PMI or Private
Mortgage Insurance is normally required when you buy
a house with less than 20% down. Mortgage insurance
is a type of guarantee that helps protect lenders
against the costs of foreclosure. This insurance
protection is provided by private mortgage-insurance
companies. It enables lenders to accept lower down
payments than they would normally accept. In effect,
mortgage insurance provides what the equity of a
higher down payment would provide to cover a
lender's losses in the unfortunate event of
foreclosure. Therefore, without mortgage insurance,
you might not be able to buy a home without a 20%
down payment.
The cost of PMI
increases as your down payment decreases.
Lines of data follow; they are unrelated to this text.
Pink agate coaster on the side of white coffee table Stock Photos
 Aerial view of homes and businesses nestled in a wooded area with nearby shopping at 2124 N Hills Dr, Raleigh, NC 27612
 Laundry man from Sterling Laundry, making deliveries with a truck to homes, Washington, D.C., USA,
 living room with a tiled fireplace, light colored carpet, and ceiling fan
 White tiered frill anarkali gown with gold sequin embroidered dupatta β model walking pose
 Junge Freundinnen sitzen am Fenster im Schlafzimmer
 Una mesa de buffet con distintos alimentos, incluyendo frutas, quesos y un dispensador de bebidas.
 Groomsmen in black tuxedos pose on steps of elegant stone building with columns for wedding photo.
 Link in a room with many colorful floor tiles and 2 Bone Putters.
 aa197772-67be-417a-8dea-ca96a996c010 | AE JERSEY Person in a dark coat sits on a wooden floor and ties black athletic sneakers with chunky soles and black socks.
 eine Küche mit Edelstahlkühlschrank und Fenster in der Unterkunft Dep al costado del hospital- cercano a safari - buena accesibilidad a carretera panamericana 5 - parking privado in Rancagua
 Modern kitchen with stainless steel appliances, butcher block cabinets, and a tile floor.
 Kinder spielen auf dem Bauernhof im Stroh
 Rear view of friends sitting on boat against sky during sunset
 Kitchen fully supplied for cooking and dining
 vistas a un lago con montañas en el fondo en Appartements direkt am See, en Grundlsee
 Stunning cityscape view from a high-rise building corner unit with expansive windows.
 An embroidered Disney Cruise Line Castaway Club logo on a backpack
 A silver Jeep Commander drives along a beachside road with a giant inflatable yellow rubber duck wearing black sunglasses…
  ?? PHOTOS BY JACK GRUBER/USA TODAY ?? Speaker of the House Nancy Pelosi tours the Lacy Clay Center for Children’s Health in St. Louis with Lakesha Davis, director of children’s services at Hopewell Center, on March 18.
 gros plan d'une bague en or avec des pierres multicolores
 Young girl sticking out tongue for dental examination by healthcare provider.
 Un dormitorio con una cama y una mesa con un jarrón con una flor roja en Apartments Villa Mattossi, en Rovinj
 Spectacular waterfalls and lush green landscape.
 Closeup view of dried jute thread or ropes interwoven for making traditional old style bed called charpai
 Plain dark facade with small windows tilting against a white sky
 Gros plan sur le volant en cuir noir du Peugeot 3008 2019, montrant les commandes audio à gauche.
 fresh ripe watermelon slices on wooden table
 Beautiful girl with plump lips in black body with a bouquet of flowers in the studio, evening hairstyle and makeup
Example:
The cost of PMI on a 10% down payment is less than
the cost of PMI on a 5% down payment. Your PMI
premium is normally added to your monthly mortgage
payment.
The decision on when
to cancel the private insurance coverage does not
depend solely on the degree of your equity in the
home. The final say on terminating a private
mortgage-insurance policy is reserved jointly for
the lender and any investor who may have purchased
an interest in the mortgage. However, in most cases,
the lender will allow cancellation of mortgage
insurance when the loan is paid down to 80% of the
original property value. Some lenders may require
that you pay PMI for one or two years before you may
apply to remove it.
To cancel the PMI on
your loan, contact your lender. In most cases, an
appraisal will be required to determine the value of
your property. You will probably also be required to
pay for the cost of this appraisal. Another way of
cancelling the PMI on your loan is to refinance and
to get a new loan without PMI.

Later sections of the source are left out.